Imam Hamaney, “yerli üretim”, “İş olanağı oluşturmak ve işsizliği yok etmek”, “ekonomik canlılık ve durgunluğun yok edilmesi” gibi konuların en önemli ekonomik konular olduğunu vurgulayarak şunları söyledi: Bu sorunlar halkın günlük içe içe olduğu sorunlardır ve halk bunları hissetmekte ve çözüm talep etmektedir. Yetkili birimlerin verdiği istatistikler ve yaptıkları açıklamalar da halkın bu taleplerinin yerinde olduğunu göstermektedir.

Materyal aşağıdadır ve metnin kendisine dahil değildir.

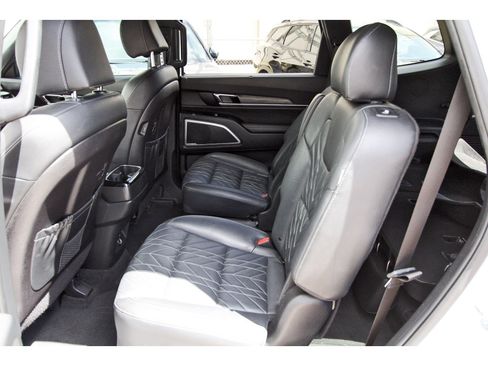 Used 2024 Kia Telluride EX X-Line AWD/4WD image 10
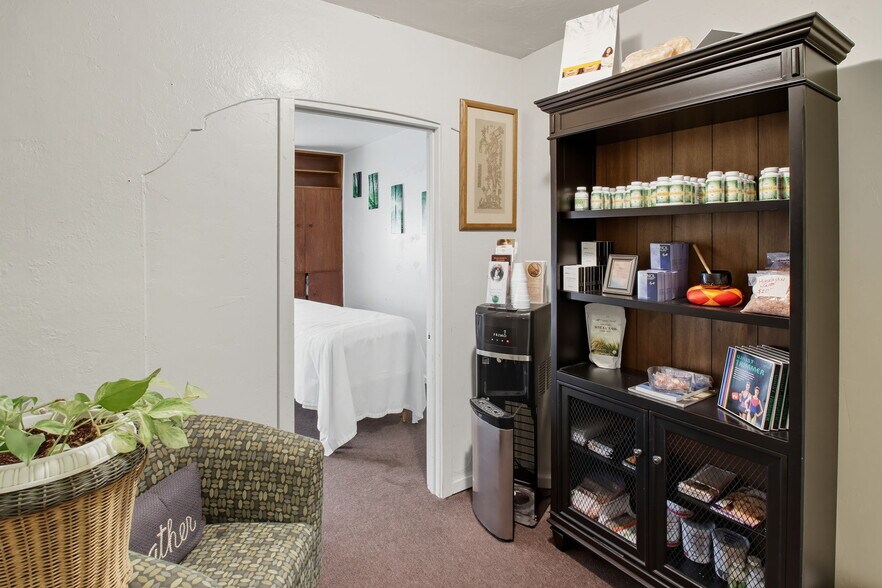 More Photos Of 1345 Kipling St, Lakewood Office For Sale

Imam Hamaney, Direniş Ekonomisini ekonomik sorunların çözümü ve halkın isteklerinin cevabı olduğunu söyledi. Konuşmasının devamında şunları söyledi: Direniş ekonomisiyle işsizlik ve durgunlukla savaşabiliriz ve pahalılığın önünü alabiliriz. Yine düşmanların tehditleri karşısında durabilir ve ülke için birçok fırsat yaratabiliriz.

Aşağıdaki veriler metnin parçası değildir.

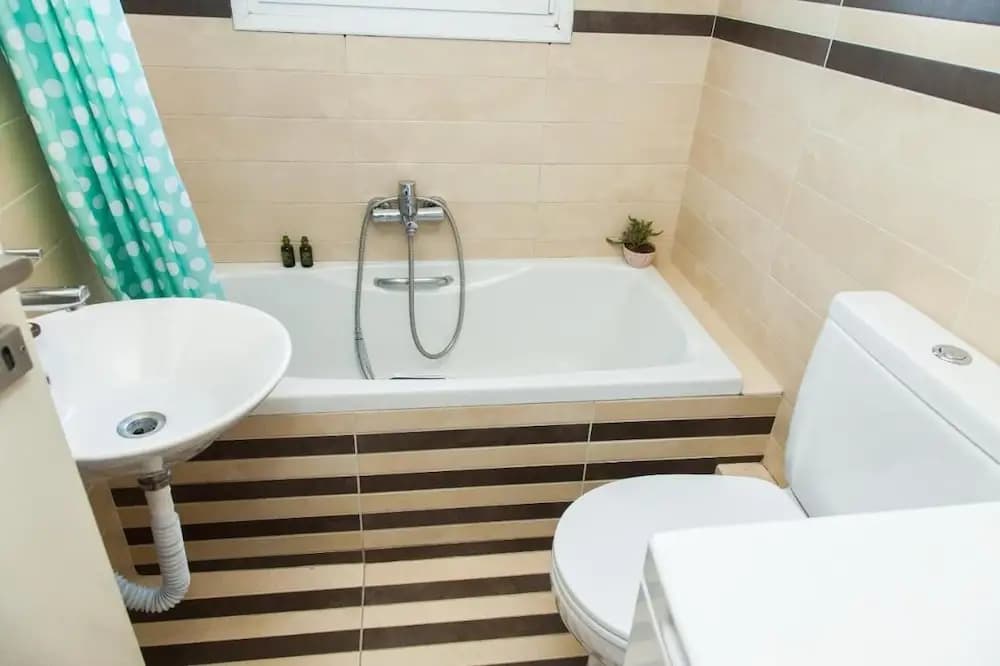 Bright apt w lovely view in Lycabettus - photo 6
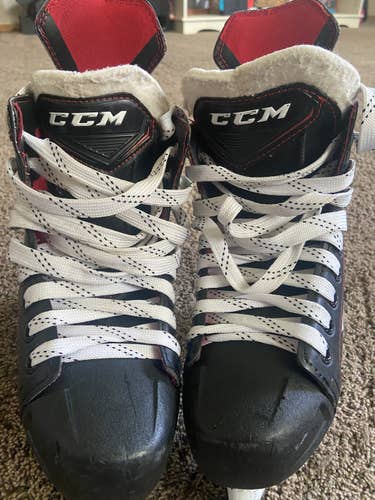 Junior Used CCM JetSpeed FT460 Hockey Skates Regular Width Size 3.5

İslam İnkılabı Rehberi, bu başarılara ulaşmanın şartının direniş ekonomisi usulü çerçevesinde çalışma ve telaş olduğunu vurgulayarak şunları söyledi: Devletin yaptığı bilgilendirmelerde bu alanda birçok işin yapıldığını göstermektedir; ama bu işler, hazırlık çalışmaları niteliğinde olup devlet birimlerine gönderilen yönetmeliklerden ibarettir. Imam Hamaney yetkililerin vazifesinin direniş ekonomi alanında eylemsel girişimlerde bulunmak olduğunu vurgulayarak şunları söyledi: Direniş ekonomisi alanında yapılan girişim ve faaliyetlerin sürmesi ve bu faaliyetlerin neticesinin halka amel meydanında gösterilmesi gerekir.

İslam İnkılabı Rehberi, “Direniş Ekonomisi, Girişim ve Faaliyet”in halkın ihtiyaçlarını gideren dosdoğru ve aydın bir yol gibi olduğunu söyledi ve bu alanda telaş eden herkese teşekkür ederek şunları ekledi: Elbette, girişim ve faaliyetin bir yıl içinde tüm sorunları gidermesi beklenilmemelidir. Ama eğer girişim ve faaliyet doğru bir program ile birlikte olursa mutlaka yılsonunda sonuçları açıkça görülebilecektir.